At this point Mark and Eric quite obviously started hunting for the other DD. If I'd gotten it, things would have been much easier, but unfortunately Mark found it first.


I need to go on record and say that I don't think Mark's answer should have been accepted. I know that in theory you get as much time as you need for the DD, but he took a LONG time, and didn't begin to answer even after being prompted by Alex. You can't tell by watching the show, but they stopped tape for an excruciatingly long time to figure out whether to accept it or not. It definitely "quelled the mo" as Maggie would say.


This is not sour grapes; I'm not saying that this affected the outcome of the
game. I'm just saying that I didn't agree with the call then, and after watching it today I still don't. That's just my opinion, and again please don't take it as a complaint.


It took awhile to shake off the cobwebs after that, so both players started to
gain on me. At some point Eric realized he was out of it, so some of the
intensity went out of him, but he still came up with some great answers.
At the end of the round I had $22,000 to Mark's $17something.
Pretty impressive totals for both of us, if I do say so myself.


OK, going into FJ, I'm ahead, but I'm also behind. Weird. OK, how to wager. My only thought was to cover Mark's possible total; I was not considering Eric's score or playing for 2nd vs. 3rd. I was definitely NOT confident with the category; I knew both of them know American History better than I do. But like my Semifinal, I wanted to go down swinging.


So here is the thought process that led me to my final wager. I'm sure the
readers will be interested to know what happened.


Start with Mark's total from yesterday, $22,400. Take his total from today,
$17,200, and double that to $34,400. Add that together to get your number to reach: $56,800. Now figure out my wager ...

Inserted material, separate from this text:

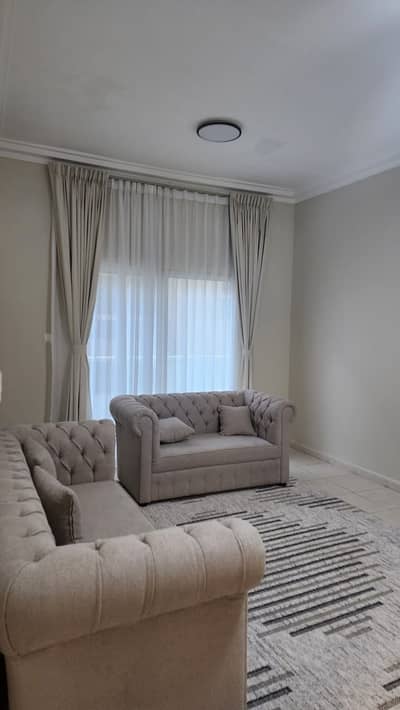 1 Camera Appartamento in Vendita a Al Taawun, Sharjah - WhatsApp Image 2026-07-16 at 2.18. 19 AM. jpeg 1 Camera Appartamento in Vendita a Al Taawun, Sharjah - WhatsApp Image 2026-07-16 at 2.18. 19 AM. jpeg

Take the goal number, $56,600 (if you're observant you just spotted the fatal flaw) and subtract yesterday's score of $15,000 to get $41,600 that I need to get to today. Subtract the $22,000 I have to get $19,600 that I need to bet to match Mark's number, and add $1. $19,601.


Check and double-check the math. Yes it all looks good. In fact it was.
The math was perfect; I simply mis-copied the number, or made an 8 that looked like a 6. I don't look at it as cracking under pressure, although I will fully admit to cracking under fatigue. The two final shows were so intense, and I was totally spent. I could barely hold the pen. It's unfortunate to lose on such a banal error, but it can and does happen to everyone and it happened to me at a most opportune time.

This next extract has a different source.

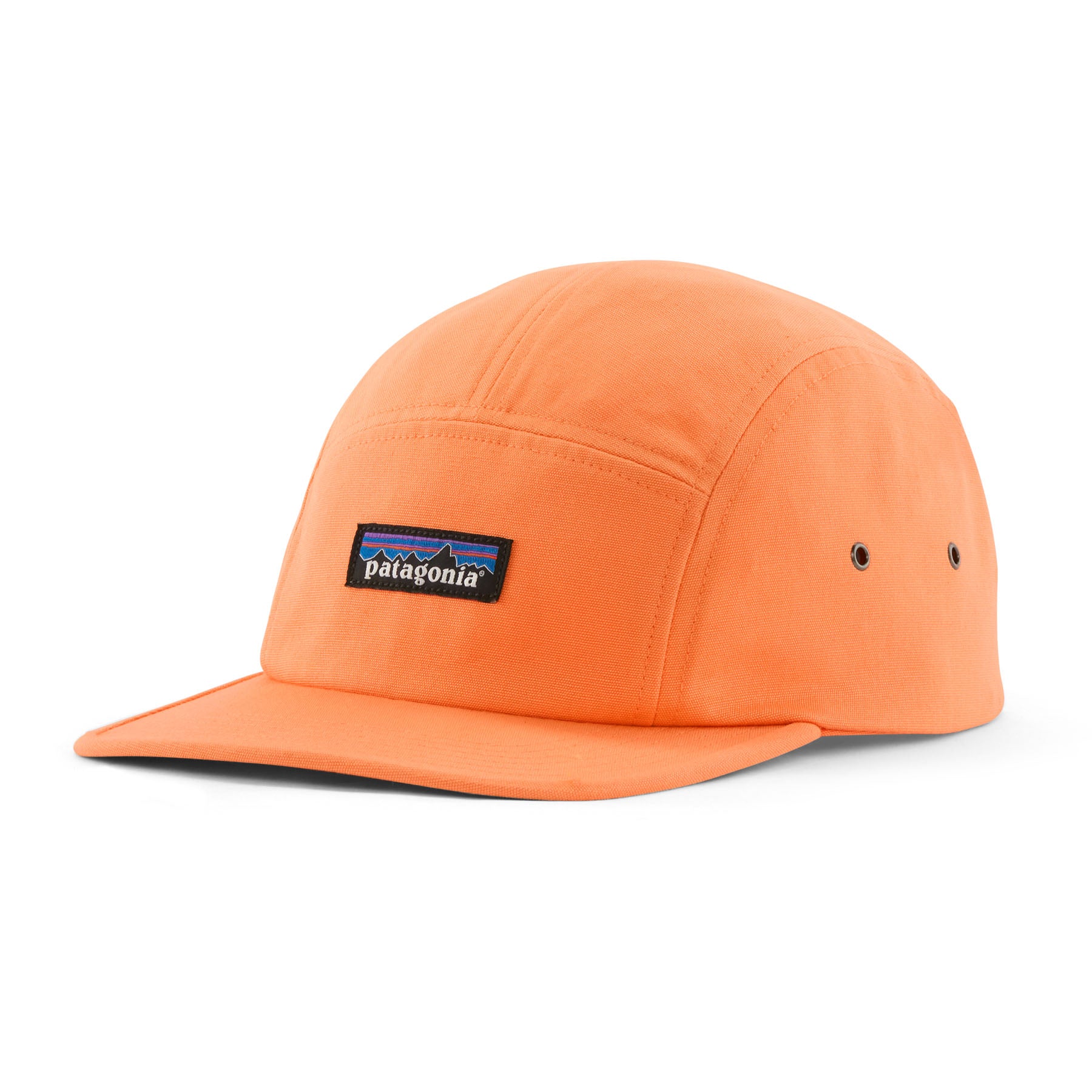 Graphic Maclure Hat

So I lock in my wager. Mark is taking a long time with his so I have some timeto reflect. I start thinking about all the difficult FJ's in the TOC and whether I shouldn't have bet conservatively in case of a triple stumper.
In particular, if we all were wrong and Mark had bet it all, I should have saved enough so that my total would beat his score from yesterday. Oh well, too late to change now.


I'm still not very confident about this category when we come back to the show. Then I see the question. First thought is ... ack, I'm toast. OK, don't panic...  for some reason Gouverneur (or however you spell that) Morris had popped into my head earlier, and I knew there was a Robert Morris, so maybe it was them. Also, I thought that John and Sam Adams were maybe both signers, so I went with Morris and Adams.

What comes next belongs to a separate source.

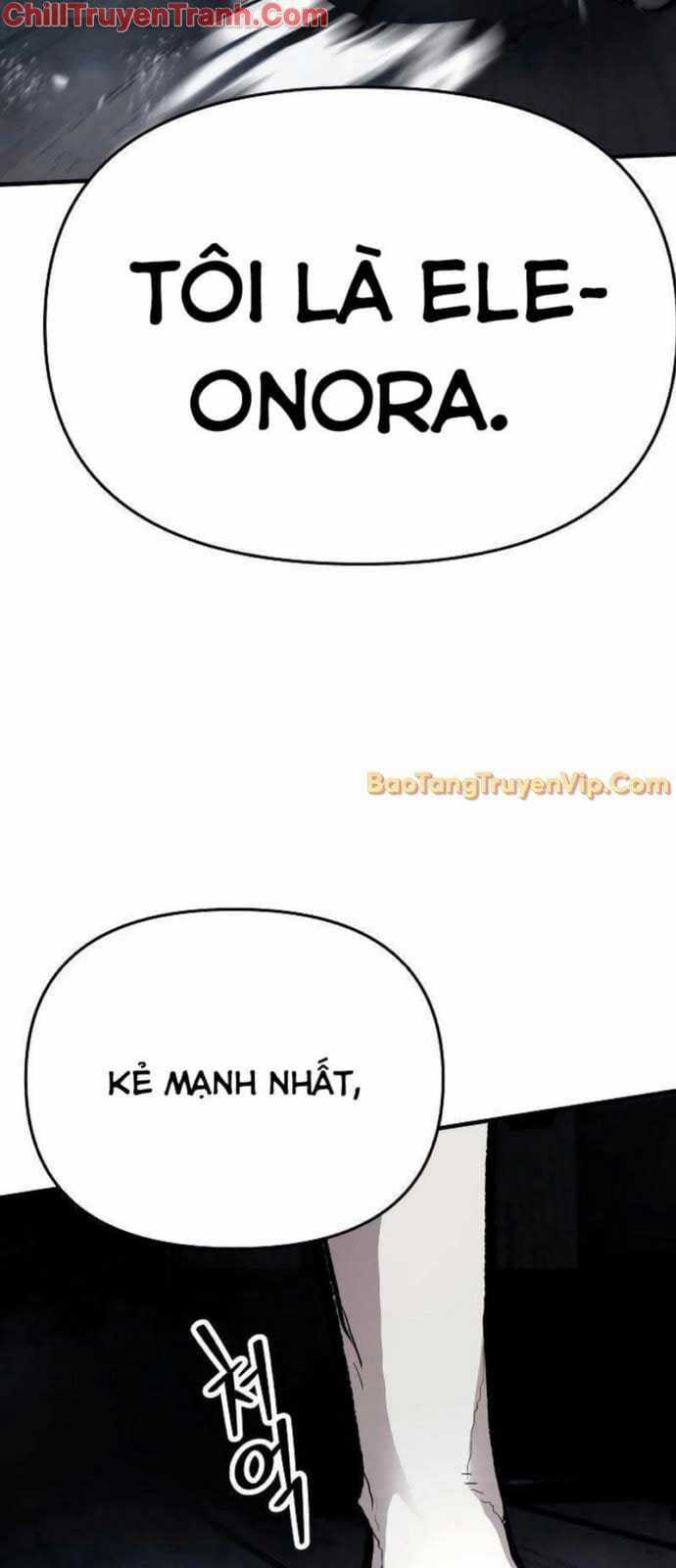 Đại Chiến Tử Thi - Chapter 2 - Trang 40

OK, Eric's up first, Adams and Lee. I hadn't thought about Lee, but it's good to know Adams was correct. Now Mark: Morris and Lee. Also correct.
My answer is correct! I'm going to win!


Alex reveals my answer and my wager and ... I didn't win.


Something very odd happened at that point. Instead of being crushed, devastated, angry, humiliated, etc., I just felt glad for Mark. He's a great player and deserved to win; he's the only one of us that didn't "back" into the Finals in some way.


Of course I'm disappointed, but that will pass. I can live without the money,
but I wouldn't trade this experience for anything. More than anything else, my goal for the ToC was to prove to myself and others that I really belonged there. I needed to know that my first games weren't just a fluke, a run of fortune caused by favorable categories and weak opposition. (I don't think any of them were weak, but what did I have to compare to??) I like to think I achieved that goal.


I am fiercely proud of my performance, even including the little gaffe at the
end. I played four games against the best of the best, and I carried the lead
going into FJ each time. That's gotta count for something.


Of course I will always wonder "Why didn't I notice that error?" just like
Trevor will always wonder "Why didn't I come up with Macao?" and Mark Brown will wonder "Why didn't I bet more strategically?" and Ben will wonder "Why didn't I think of Chunnel in time?". All of those guys could have won the ToC, but they made mistakes that cost them. I'm no different than them; it's just that my mistake came at the end.


Congratulations to Mark and Eric on a well-played finals. I think if we played
it again it would be just as close. Yes, I would have liked to win the quarter
million, but I've won over $200,000 and a car. That's more than all but two
people in the history of the show. How can I be disappointed with that?